Tim studi dipimpin oleh ahli saraf Adriano Martimbianco de Assis, PhD, koordinator program pascasarjana UCPel di bidang kesehatan dan perilaku. Dia mengatakan bahwa korelasi yang teridentifikasi antara kadar serum GSH dan risiko bunuh diri memunculkan dua kemungkinan aplikasi: menggunakan GSH sebagai biomarker untuk risiko bunuh diri dan menggunakan GSH untuk terapi.

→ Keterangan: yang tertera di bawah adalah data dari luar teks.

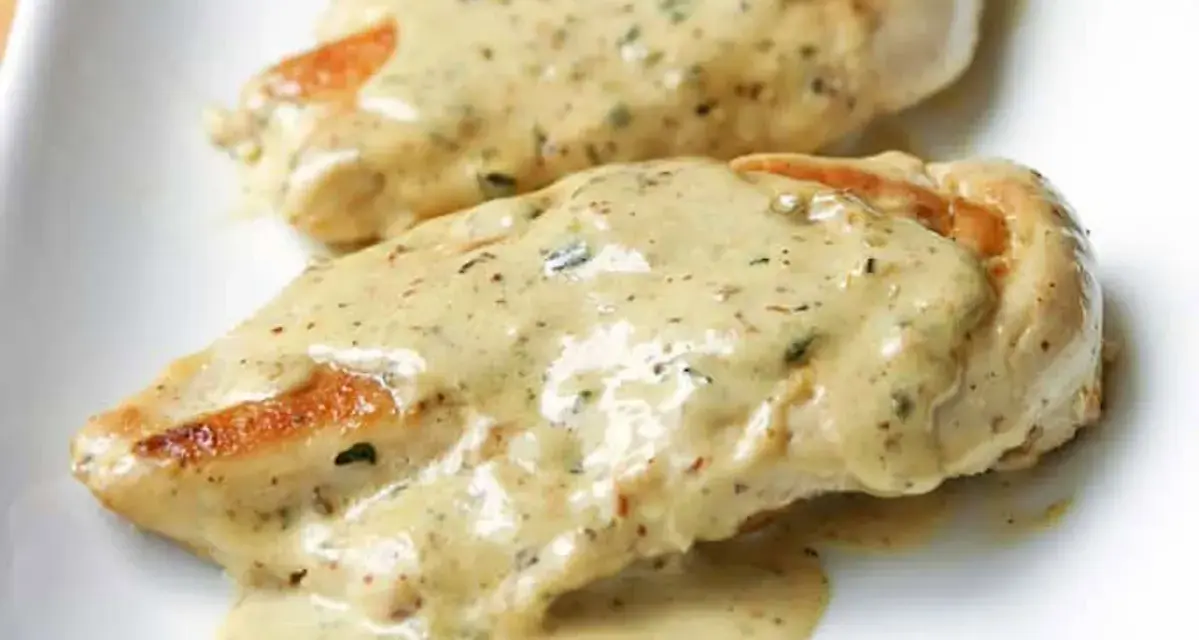 Deux morceaux de poulet à la crème, nappés d'une sauce onctueuse aux herbes, sur une assiette blanche.
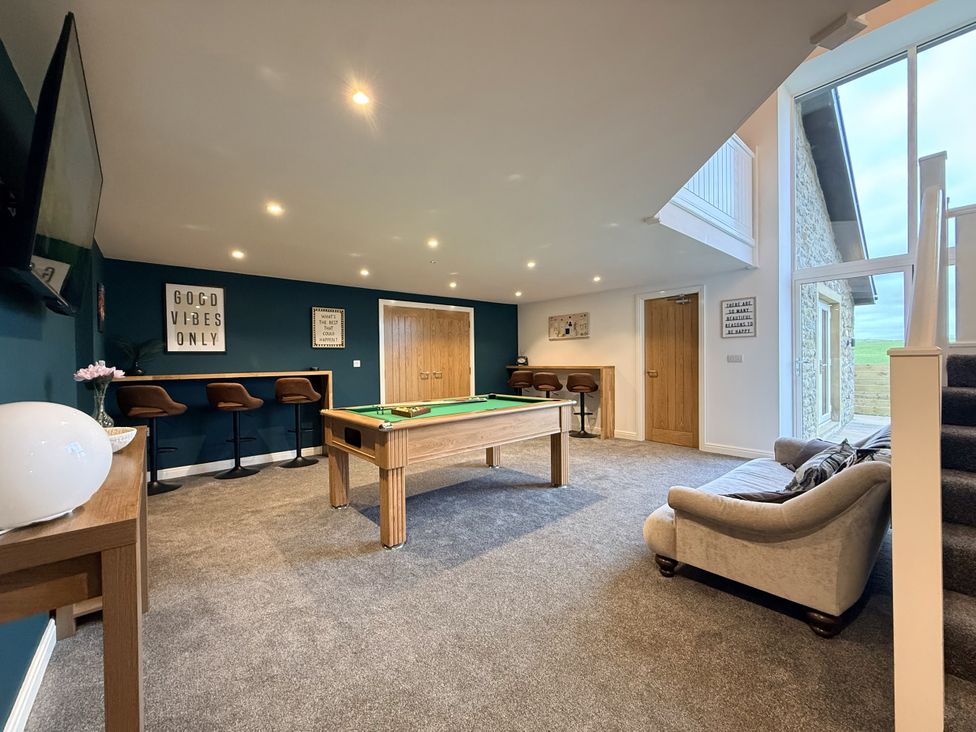 A snug with a pool table and seating area at The Barn in Wigglesworth near Settle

Mengenai aplikasi sebelumnya, Martimbianco de Assis menjelaskan bahwa diperlukan studi tambahan untuk melangkah maju. “Meskipun kami percaya bahwa sebagian besar GSH berasal dari otak – mengingat itu adalah antioksidan utama otak – saat kami menganalisis sampel darah, kami belum dapat mengesampingkan kemungkinan bahwa itu berasal dari organ lain,” katanya kepada Medscape. Berita Medis. Jadi, mengkonfirmasikan hipotesis itu akan membutuhkan penelitian yang melibatkan pencitraan jaringan otak. Menurut Martimbianco de Assis, setelah ada konfirmasi, akan memungkinkan untuk menggunakan antioksidan sebagai biomarker untuk risiko bunuh diri.

Dia juga membagikan pandangannya tentang aplikasi kedua: menggunakan GSH secara terapeutik. “Kita sudah mengetahui bahwa ada alternatif yang sangat sederhana yang dapat mempengaruhi kadar GSH, [and they] sebagian besar berkaitan dengan olahraga dan [improving the quality of] makanan yang dimakan seseorang. Tapi ada juga obat-obatan, misalnya N-acetylcysteine, yang merupakan prekursor GSH.” Mengadopsi strategi untuk meningkatkan kadar antioksidan ini dalam tubuh harus membalikkan ketidakseimbangan yang diidentifikasi dalam penelitian dan, sebagai hasilnya, dapat menyebabkan untuk menurunkan resiko bunuh diri. Tapi, dia menegaskan kembali, “sampai ke tempat GSH [can be used] dalam praktik klinis bergantung pada mendapatkan konfirmasi bahwa itu memang berasal dari otak. Ingatlah bahwa penelitian kami menemukan tingkat GSH yang lebih rendah pada wanita yang berisiko bunuh diri.”

Meskipun studi tersebut mengevaluasi wanita pascapersalinan, kemungkinan hasilnya dapat diekstrapolasi ke populasi lain, kata Martimbianco de Assis. Pasalnya, saat pendataan dilakukan, sudah lewat 18 bulan sejak melahirkan. Kondisi fisiologis partisipan pada saat itu lebih mirip dengan sebelum hamil.

Para peneliti UCPel terus mengikuti kohort. “Kami bermaksud untuk terus memantau kadar GSH di lain waktu. Empat puluh delapan bulan telah berlalu sejak wanita tersebut melahirkan, dan idenya adalah untuk terus mempelajari [the patients involved in the study],” kata Martimbianco de Assis, menambahkan bahwa tim tersebut juga berniat menganalisis jaringan otak dari studi in vitro menggunakan kultur sel.

Artikel ini diterjemahkan dari Medscape Edisi Portugis.